MARCOU HABITAT - Société Coopérative d’Intéret Collectif 4 Boulevard Marcou, 11000 CARCASSONNE N°SIRET 551 850 159 00015 Représentée par Monsieur , Agissant en qualité de Directeur général, dûment habilité, D’une part,
Et
Le Comité social et économique Représenté par les membres
D’autre part,
Il a été convenu les dispositions exposées ci-après :
PREAMBULE
Le présent accord est conclu au sein de la société en application des articles relatifs à l’aménagement et la réduction du temps de travail L.3121-41 à L.3121-47 du Code du travail ainsi que les décrets d’application afférents. Il se substitue à l’accord d’aménagement et de réduction du temps de travail du 31 mai 1999 et toutes autres dispositions ou usages en vigueur au sein de la société.
Le présent accord vise donc à concilier les intérêts des salariés en termes d’organisation et de management du temps de travail tout en donnant à la société les moyens de répondre aux exigences de son activité et aux attentes de ses clients. Cette souplesse et cette adaptabilité passent notamment par la mise en place d’un certain nombre de règles d’aménagement de la durée du travail qui, dérogatoires par rapports aux dispositions légales et conventionnelles en vigueur dans la branche dont relève l’entreprise, apportent une réponse pertinente aux nécessités liées au fonctionnement de la société.

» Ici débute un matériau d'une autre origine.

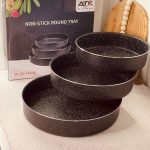 طقم صواني فرن جرانيت 3 قطع أحجام صغيرة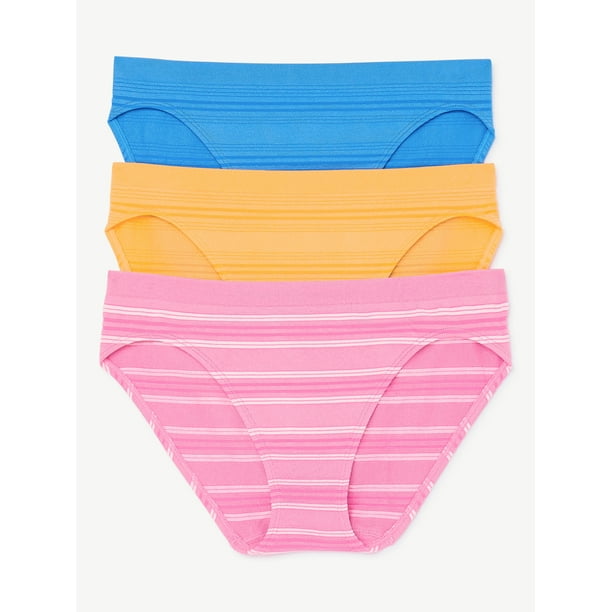 Joyspun Women's Seamless Bikini Panties, 3Pack, Sizes XS to 3X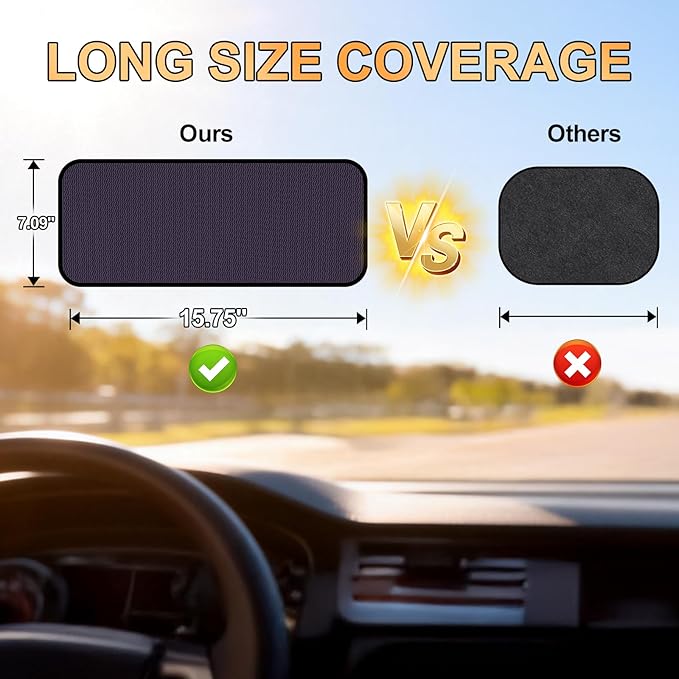 XCBYT Square Car Window Shades - 4 Pack Static Cling Sun & Glare Blocker, Removable Semi-Transparent Window Tint for Windshield, Side & Rear Windows, Long Size 15.75" x 7.09"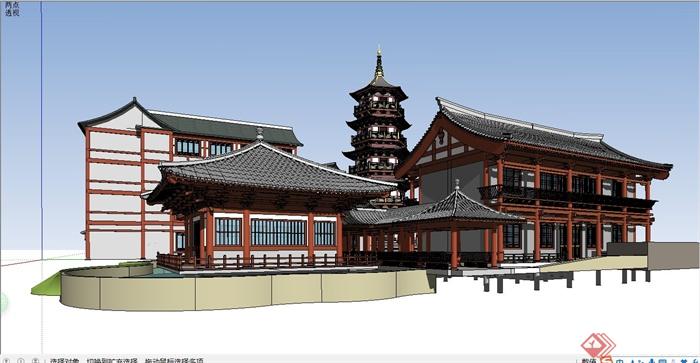某旅游区古典中式风格建筑设计SU模型(6)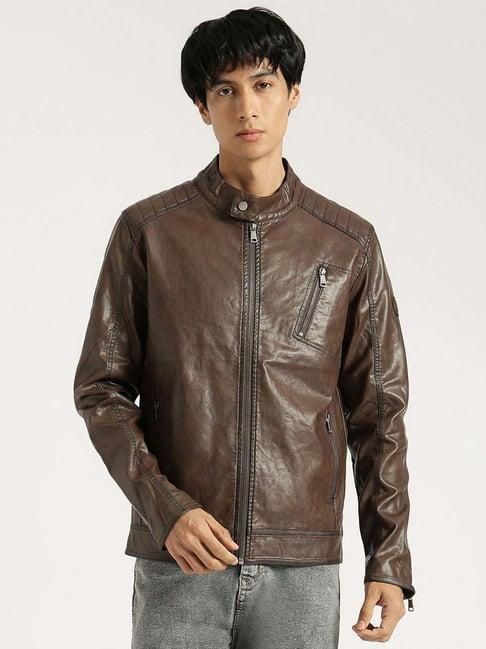 United Colors of Benetton Brown Regular Fit Biker Jacket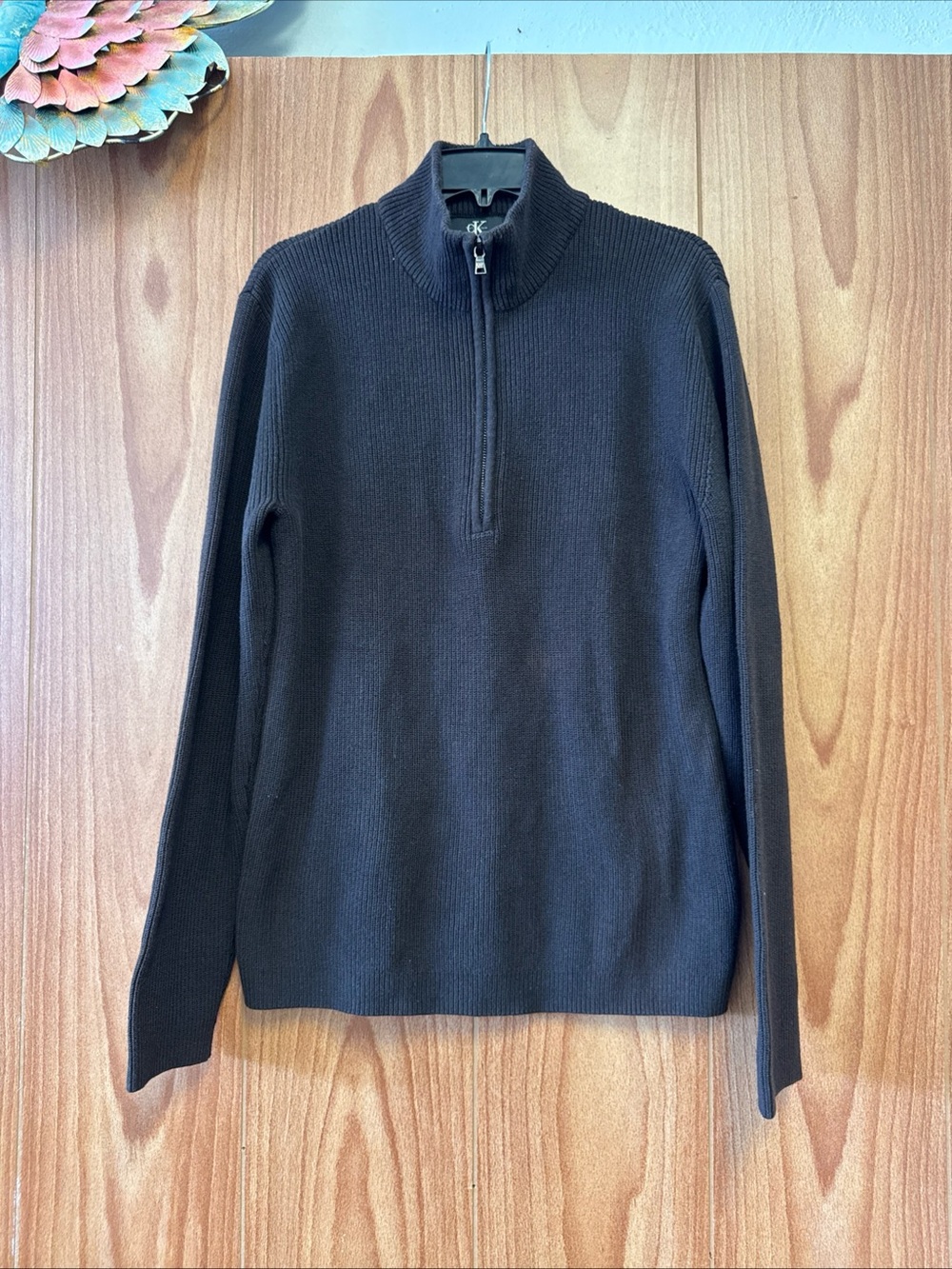 Calvin Klein Dark Grey Gray Men's Pullover Sweater 1/4 Zip Jacket M Medium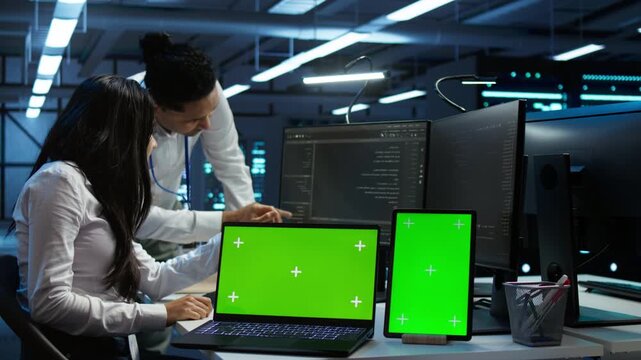 In a server farm, engineer uses a replaceable screen device with a chroma key tablet, supporting screen replacement, device mockup and energy efficiency within routine server room management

Article 1 : Champs d’application
Le présent accord s’applique à l’ensemble des salariés de la Société. A l’exception du poste de gardien d’immeuble, pour les dispositions des articles 2 à 5 du présent accord, dont le temps de travail est de 35 heures hebdomadaire, à raison de 7 heures réparties sur 5 jours.
Article 2 : Durée du travail et période de référence
L’horaire collectif est fixé pour l’ensemble des salariés à 38,75 heures hebdomadaires en moyenne sur une période de référence en année civile, soit du 1er janvier au 31 décembre. En contrepartie, les salariés se voient attribués des jours de réduction du temps de travail, dit jours de « RTT » tel que définie aux articles suivants.
Conformément aux dispositions du Code du travail, afin d’éviter une variation d’un mois sur l’autre, la rémunération des collaborateurs concernés sera lissée sur la base de 151.67 heures par mois, soit 35 heures de travail effectif en moyenne par semaine. Ainsi, toute heure effectuée au-delà des 1607 heures annuelles constitueront des heures supplémentaires.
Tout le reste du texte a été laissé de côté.